There are also, of course, many other concerns that divert government focus from environmental issues. Increasing regulation on certain heavy-polluting industries, such as steel and coal, can have a negative effect on jobs. Setting ‘green’ taxes, either directly or through such things as energy tariffs, can also cause a burden on taxpayers and businesses. Thus, there has sometimes been a tendency to see environmental legislation as damaging to economic growth and prosperity. By extension it can also be unpopular in domestic settings, making legislation difficult to pass – or even propose in some cases. It is consequently encouraging to see so much domestic legislation gaining traction. The number of countries where the human right to a healthy environment is enacted constitutionally may help build collaborative transnational networks to protect the global commons. The starting point would be a shared understanding of the need to reduce human impact on national and global ecosystems. Sharing a paradigm that pushes the human right to a healthy environment may also induce national governments to actively seek participation in international environmental agreements. Nevertheless, it is important to find a way to coordinate these agreements, and this challenge raises the question of whether we need a global environmental organisation to make sure states comply.

The best situation for Planet Earth’s citizens are solutions that are made not just in each state, but internationally. And, most importantly, complied with. IR is often concerned with the phenomenon of states cheating on, or withdrawing from, agreements. Perhaps nowhere is compliance more important for our long-term prosperity and security than in the areas of climate and environment.

Do we need a global environmental organisation?

Who is in charge of protecting our global environment? To answer this question, you may recall from previous sections that there is now a consensus regarding one specific tool that may help achieve the lofty goal of providing global public goods: international environmental agreements. These agreements, often produced at megaconferences, help protect our global commons by requiring nations to acknowledge and respect the human right to a healthy environment. However, the next big question is an equally important one – who is in charge of implementing these international environmental accords?

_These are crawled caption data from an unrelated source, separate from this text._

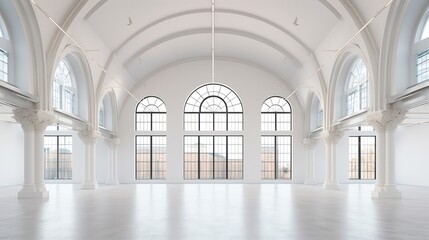 Obraz premium Large beautiful windows in white room UHD WALLPAPER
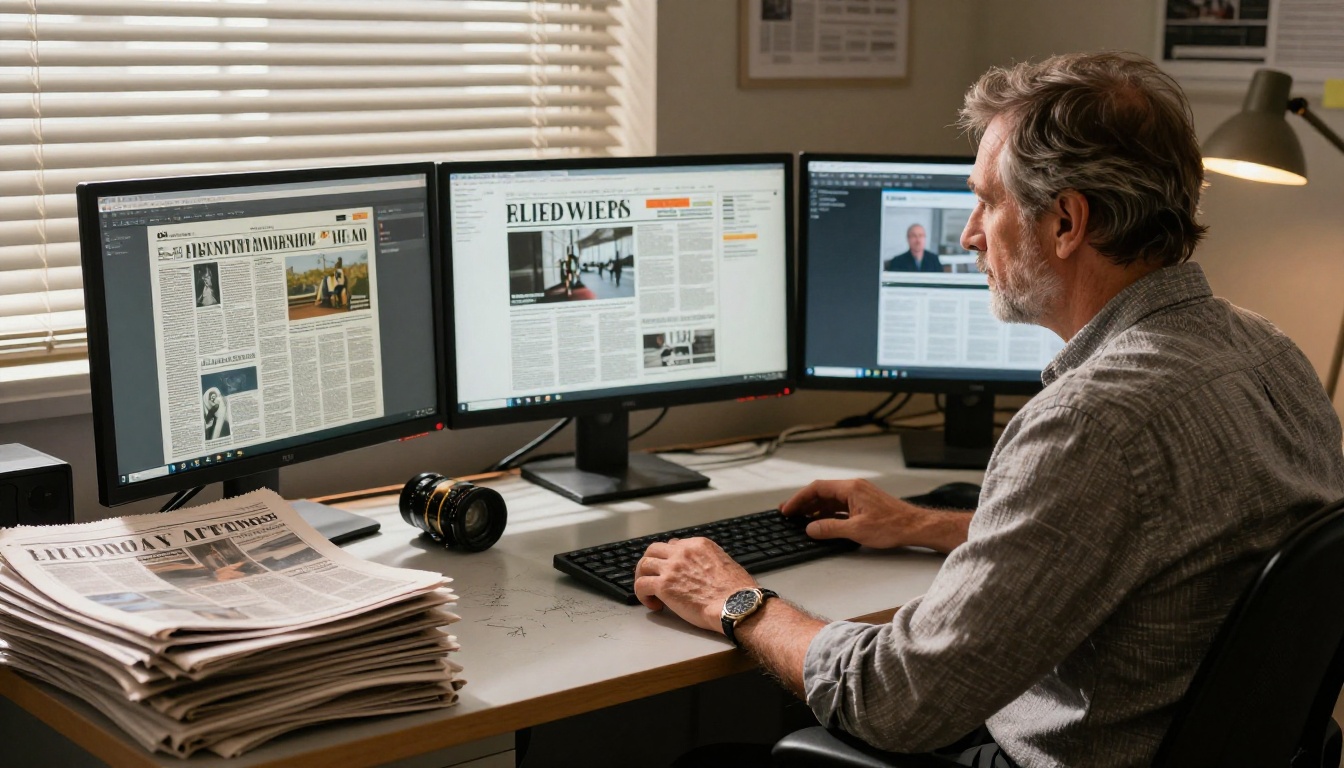 Experienced newspaper editor reviewing digital editions across multiple monitors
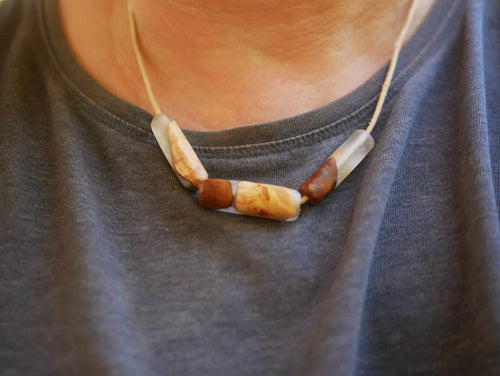 Kette aus 3 Baumperlen Gliedern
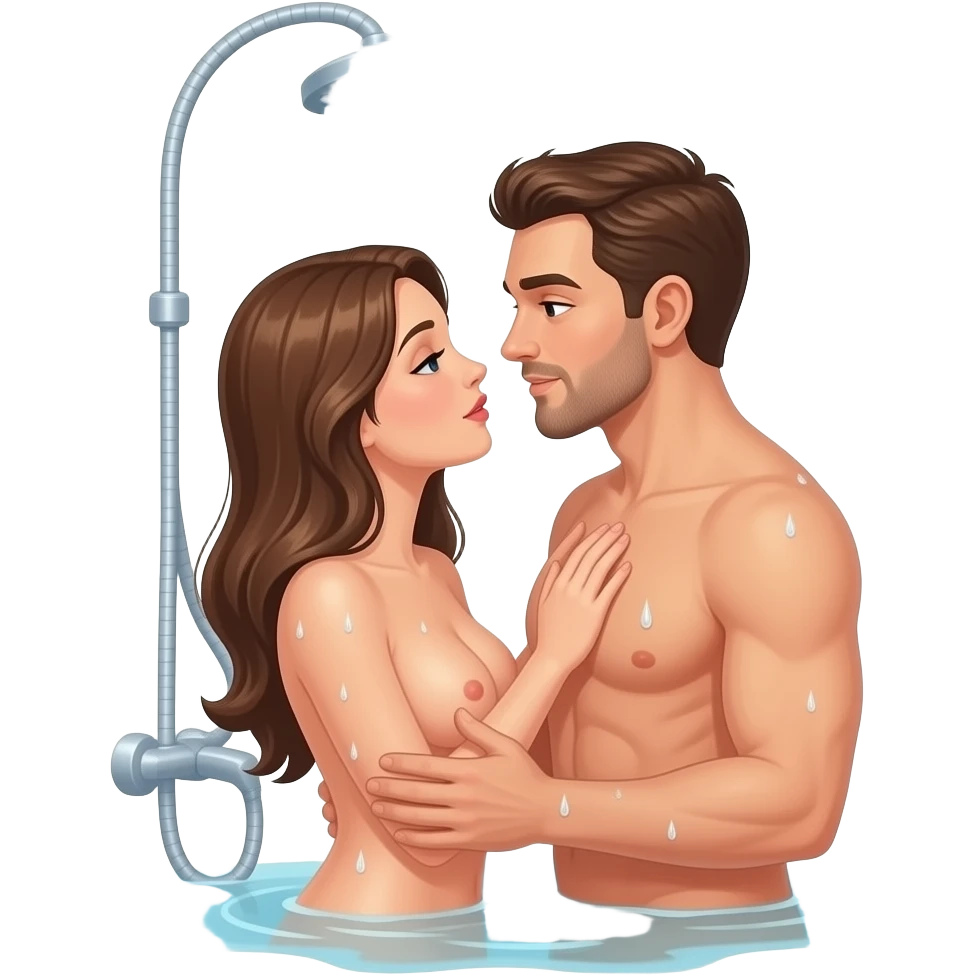 Full body Naked couples doing sex down of the shower emoji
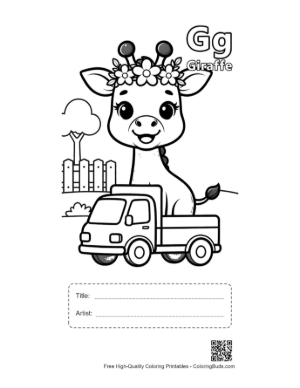 Thumbnail: Little Giraffe Acting as a Driver in a Toy Vehicle Printable with Title and Artist Box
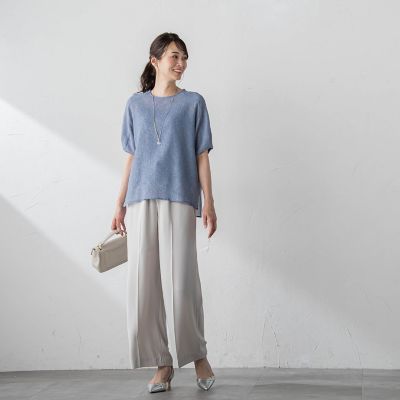 【ＷＥＢ限定】ふわ軽楊柳ブラウス≪防しわ／インナーセット／洗濯機で洗える≫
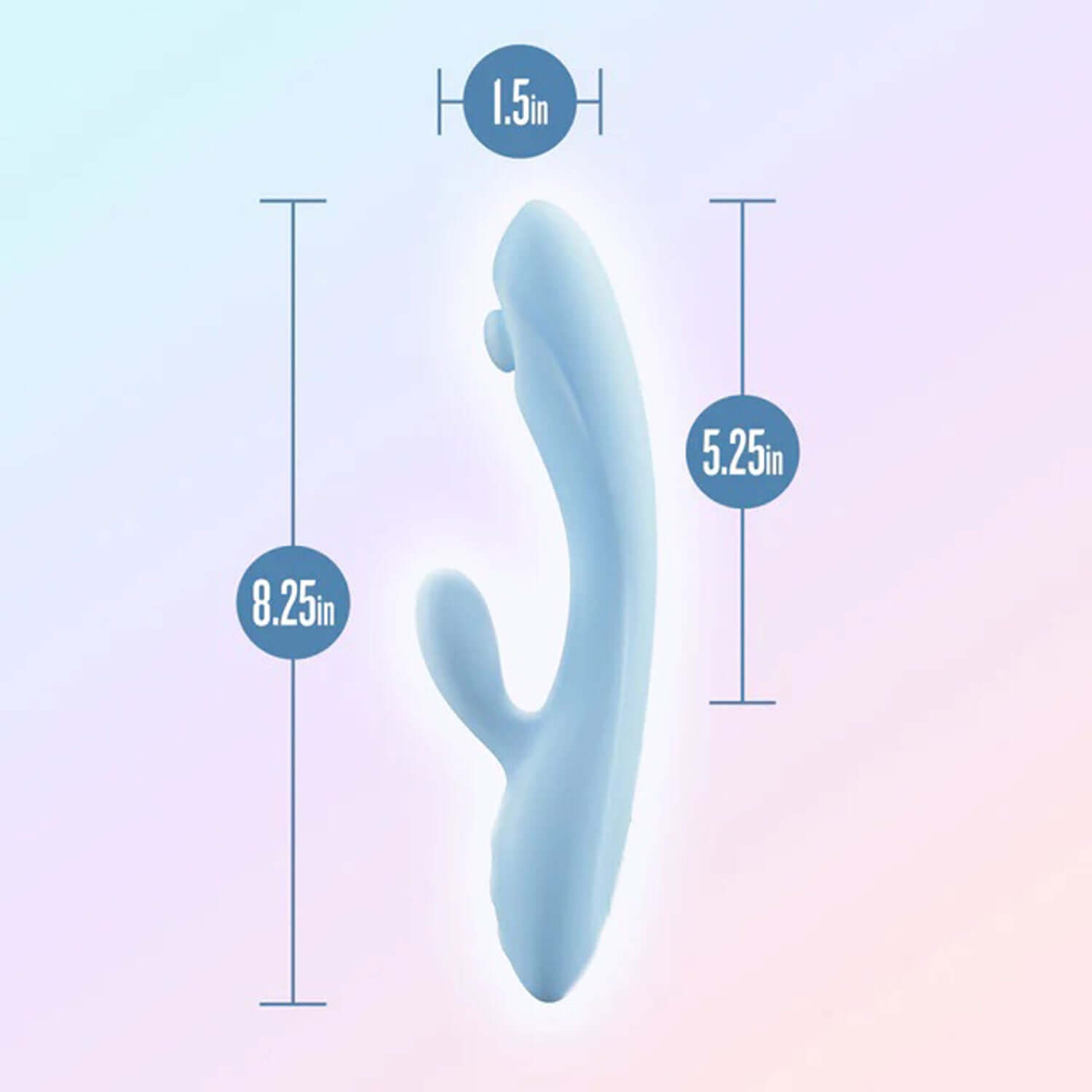 Play With Me Moondust Magic Blue rabbit massager dimensions: 8.25in length, 5.25in insertable length, 1.5in diameter.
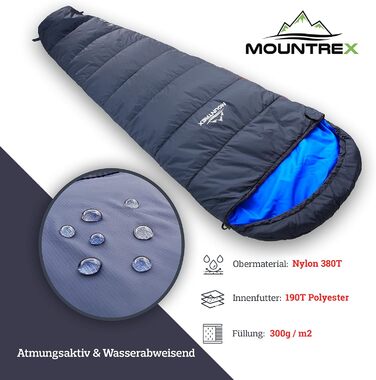 Сплячий мішок MOUNTREX® - ультралегкий, компактний (760г/1500г) - для кемпінгу, подорожей, фестивалів. 3-4 сезони, Mumienschlafsack, 1500г (RV Links). Темно-синій/синій.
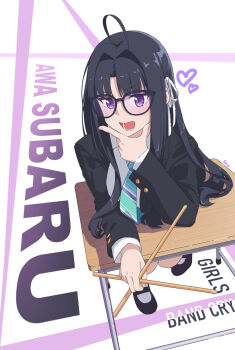 1girl ahoge aqua_necktie awa_subaru black_hair character_name desk drumsticks feca girls_band_cry glasses highres holding holding_drumsticks long_hair looking_at_viewer necktie open_mouth purple_eyes school_uniform solo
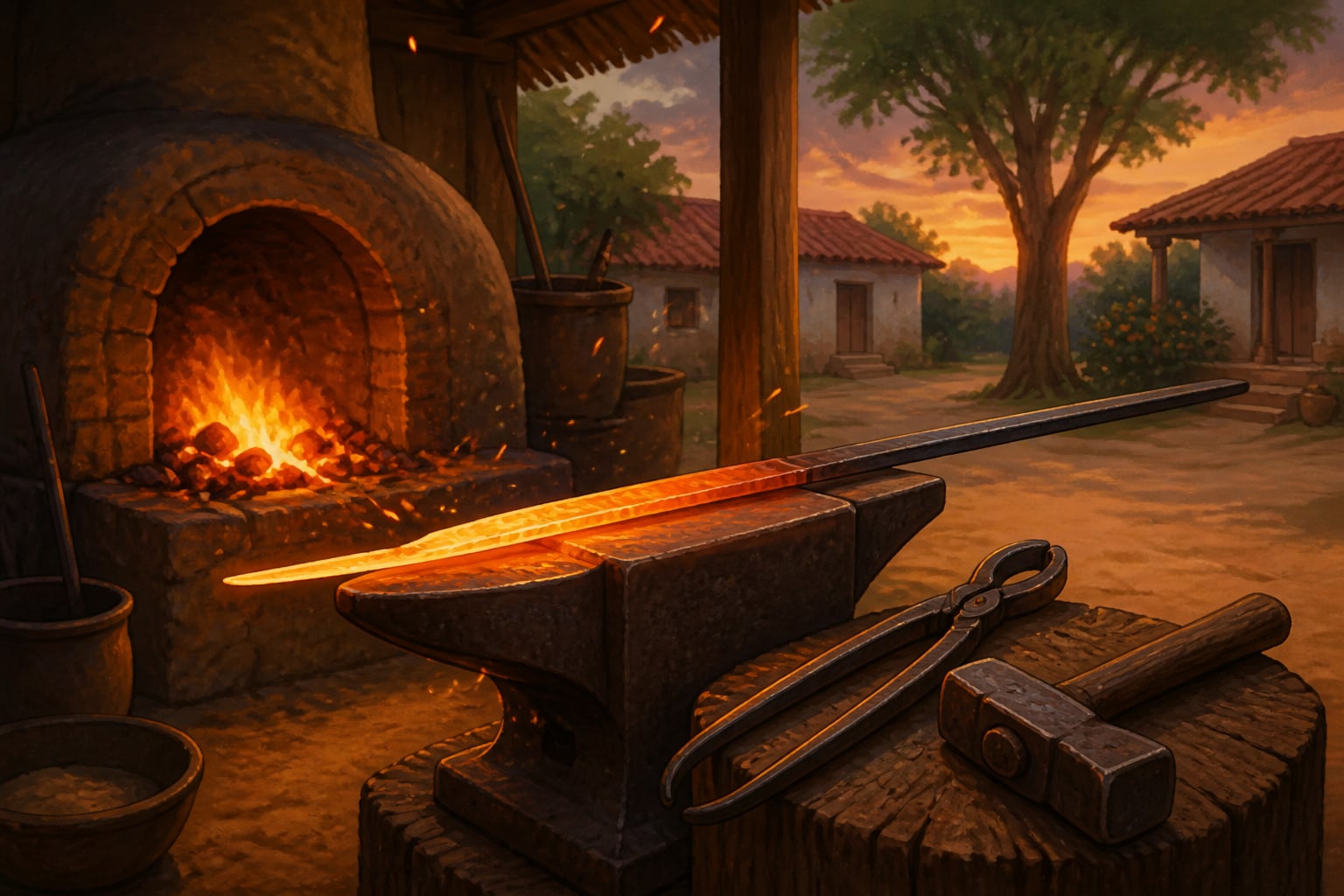 A blacksmith's forge shaping iron at dusk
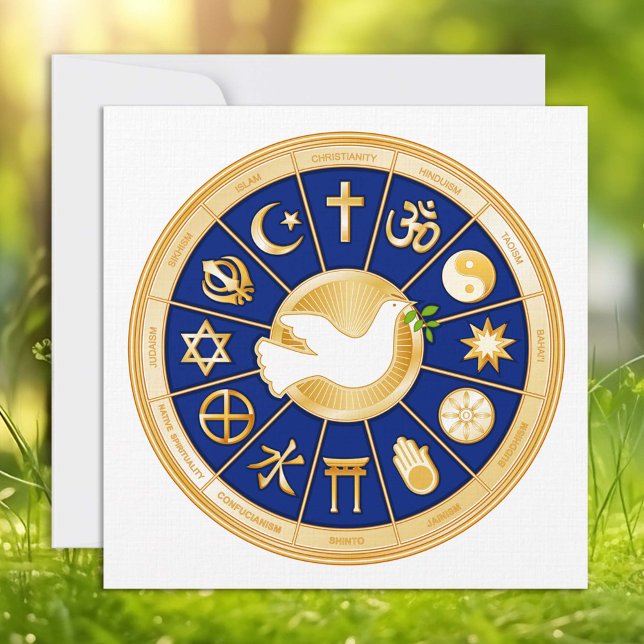 Dove of Peace 5.25" x 5.25" Flat Card (Dove of Peace. Gold icons of world faiths surround the Dove of Peace.)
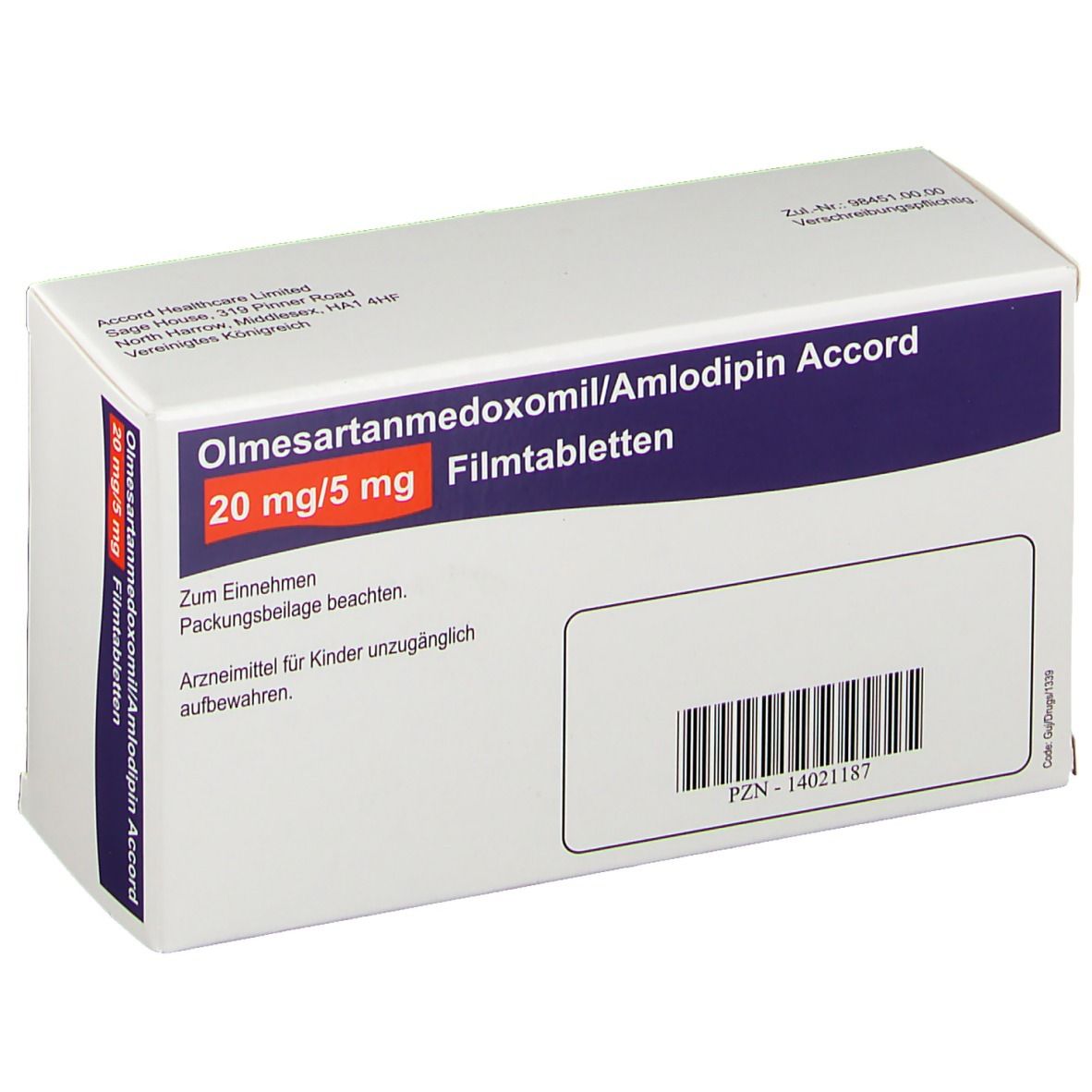 Schachtel mit Medikamenten. Aufschrift: Olmesartanmedoxomil/Amlodipin Accord 20 mg/5 mg Filmtabletten. Mit Barcode.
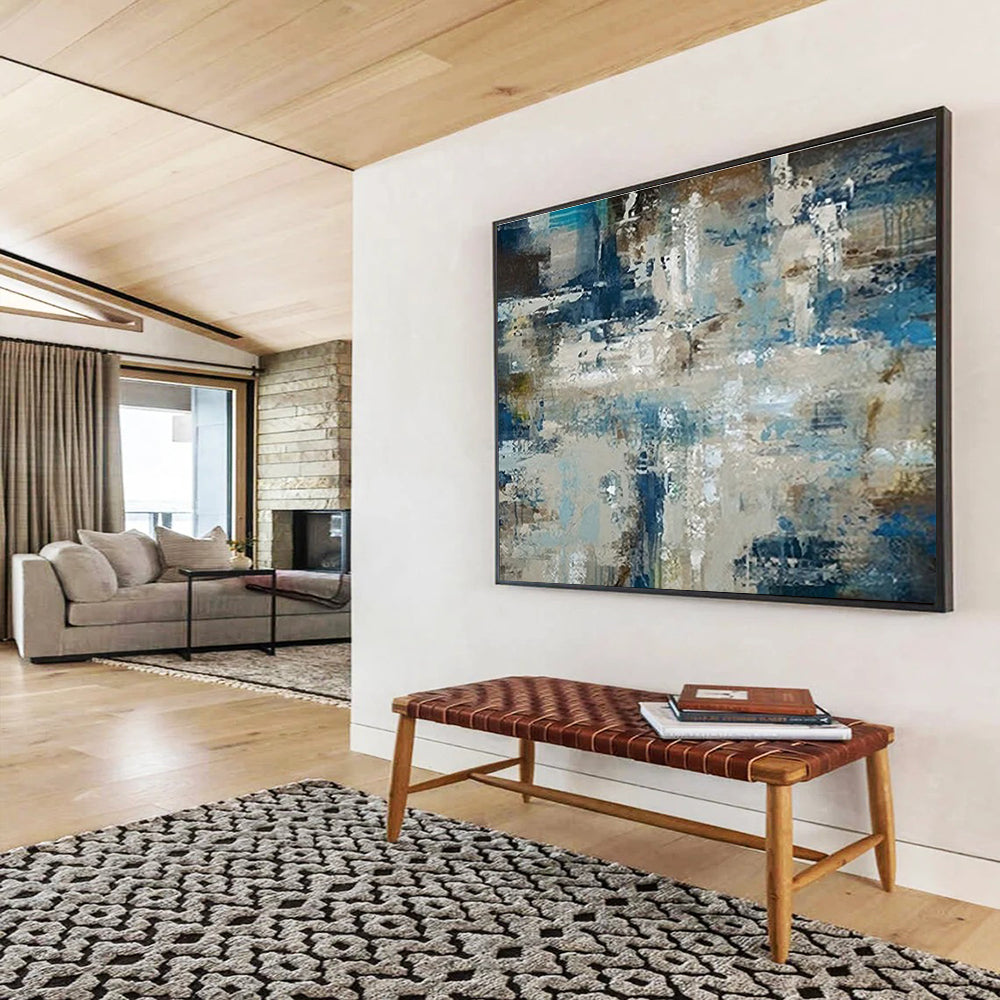Blue - Grey Abstract Subtle Painting for Minimalist Interiors YHT035
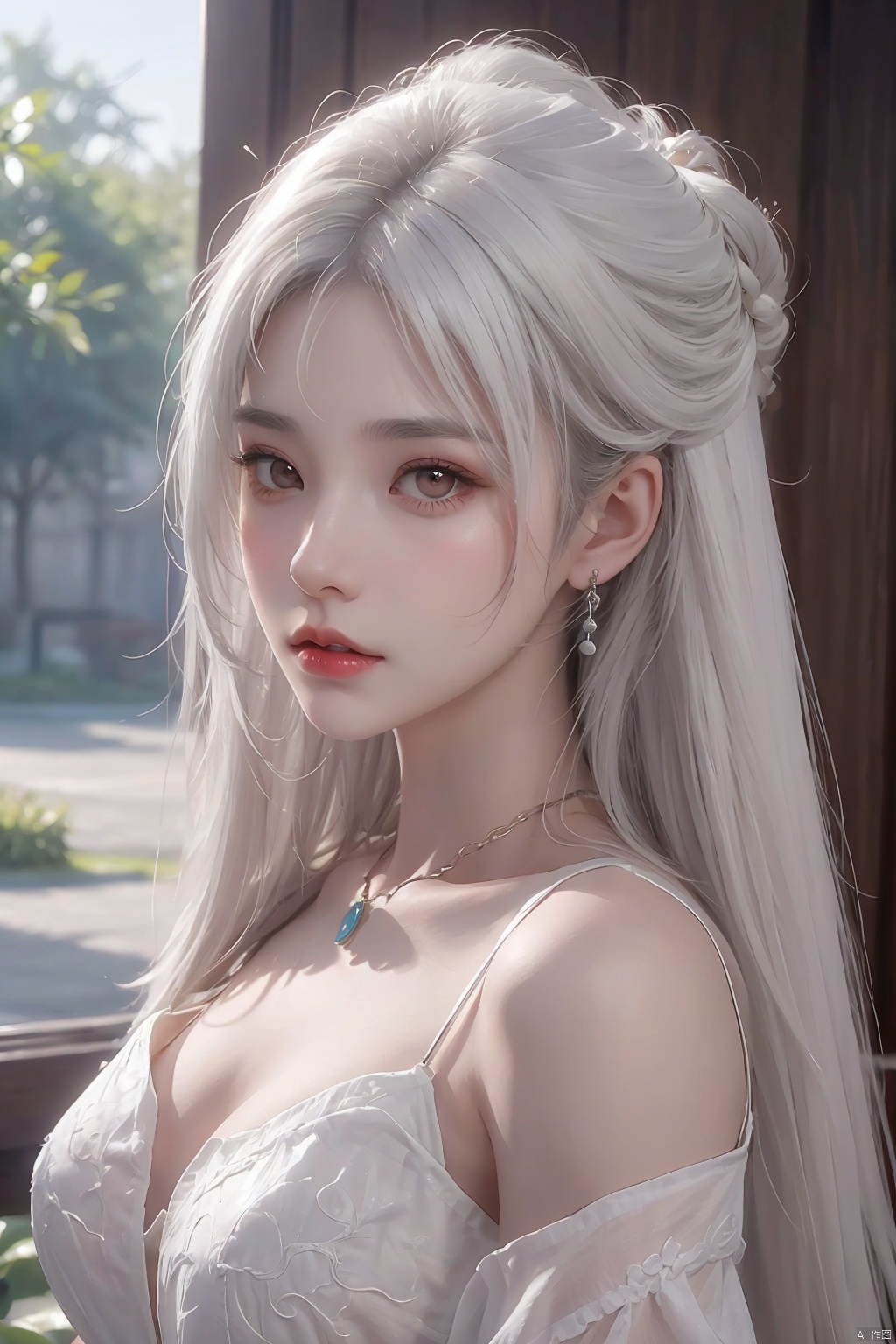  A girl, long white hair, flowing hair, bust, close-up of face, bust, fair skin, necklace, masonry, gem, ear chain, clavicle, off-the-shoulder, exquisite facial features and makeup.Red lips and delicate eye makeup.Delicate hair
( Best Quality: 1.2 ), ( Ultra HD: 1.2 ), ( Ultra-High Resolution: 1.2 ), ( CG Rendering: 1.2 ), Wallpaper, Masterpiece, ( 36K HD: 1.2 ), ( Extra Detail: 1.1 ), Ultra Realistic, ( Detail Realistic Skin Texture: 1.2 ), ( White Skin: 1.2 ), Focus, Realistic Art,liuguang,liuguang, Nebula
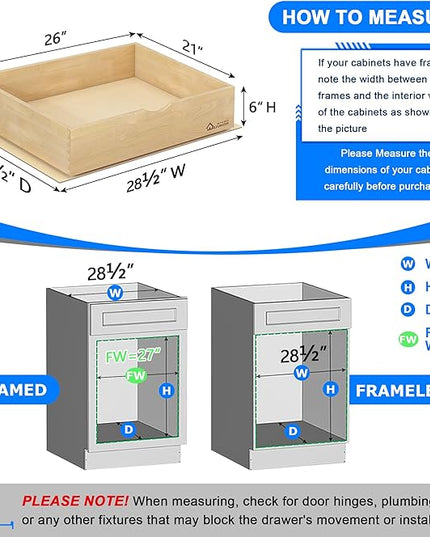 WelFurGeer Soft Close Pull Out Drawers for Kitchen Cabinets, 26" W x 21" D Pull Out Cabinet Organizer, Cabinet Drawers Slide Out, Slide Out Drawers for Kitchen Cabinets, Cabinet Pull Out Shelves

Some have argued that in order to force countries to cooperate in the protection of our shared environment, we need a global intergovernmental secretariat. This would take the form of a far-reaching international institution whose sole purpose would be coordinating efforts to improve environmental quality.

For many years there was a collective belief that the United Nations Environment Programme had been tasked with the challenge of protecting our global network of ecosystems and shared resources. This may have been true in the early stages of its creation following the 1972 Stockholm Conference, but protecting our global environment has proved to be an impossible task for a small agency with a limited budget and no power to compel states to act in a particular way. The reality is that even though there is increasing interest in strengthening international cooperation across countries to protect the global environment, it is the number of institutions, agencies and programmes dealing with environmental issues at other levels that grows in size and complexity. Regrettably, the frequent mention of abrupt climate change events, increasing deforestation and growing levels of pollution in oceans, rivers and lakes makes it clear that we have yet to solve these complex global environmental problems. And while there is still no agreement as to whether the United Nations Environment Programme is the agency that should be tasked with protecting the global environment or whether we should create a new global environmental organisation (see Biermann 2000), we must ensure that we focus on collective solutions at the international level rather than state, regional or local level – we all share the earth.

To strike an optimistic note, we can find at least one instance of global environmental cooperation, the Paris Agreement of 2015. This was led by the chair of the United Nations Framework Convention on Climate Change Secretariat, Christiana Figueres, and is an example of what can be achieved in global cooperation for environmental protection by just one intergovernmental secretariat. The fact that the majority of the world’s states were able to reach agreement on the specific tactics and strategies that every state needs to undertake in order to reach the stated goal of holding increases in the earth’s temperature below two degrees centigrade is to be lauded. Even more important is that the agreement has secured the support of the world’s two biggest state polluters, the US and China. The Secretariat is probably not the global environmental organisation we need right now, but it played a pivotal role at a crucial time.

The debate around whether or not we should have a global environmental organisation may never be settled. However, if we were to establish such a thing it would need full and complete cooperation from all states to stand any chance of success. The example of Paris, which built on the example of earlier megaconferences and movements, suggests that international collaboration to protect our environment is on the rise. This offers hope for the future despite rising tensions in some nations over the nature of climate agreements.

It is clear that we still have a lot of work to do with regard to our shared understanding of what constitutes strong, robust, effective and efficient global environmental governance. We need to better integrate regional and transnational initiatives with domestic policy strategies to tackle environmental problems. This means creating the conditions for a model of governing the environment that is flexible and cuts across different levels, from the local to the global. It is also clear that frameworks based on ideas of global public goods and global commons are very useful. However, at the same time they are daunting, since collective action on any scale is clearly an enormous challenge. Trying to find mechanisms, models and strategies to ensure cooperation across different levels of government, across a broad variety of issue areas and across a range of political and policy actors is a problematic and difficult process, as experience has shown. Today, the world’s states have been able to find common ground in relation to certain goals for environmental protection, including the flagpole issues of global warming and climate change. The hope is that this trend continues so we can continue to live healthily and happily on Planet Earth.

*Please consult the PDF linked above for any citation or reference details.

Further Reading on E-International Relations

  • The Barents Sea: Environment Cooperation in the Anthropocene Era
  • Opinion – Why COVID-19 Will Not Be ‘Good’ for the Environment
  • Opinion – What the US Exit from the Paris Accords Means for Women
  • The Drivers of Hydrogen’s Waves of Hype: Between Security and the Environment
  • Reimagining Environment in International Relations
  • Creating an Environment for Nuclear Disarmament

Raul Pacheco-Vega is an Associate Professor at the Methods Lab of the Facultad Latinoamericana de Ciencias Sociales (FLACSO) Sede Mexico.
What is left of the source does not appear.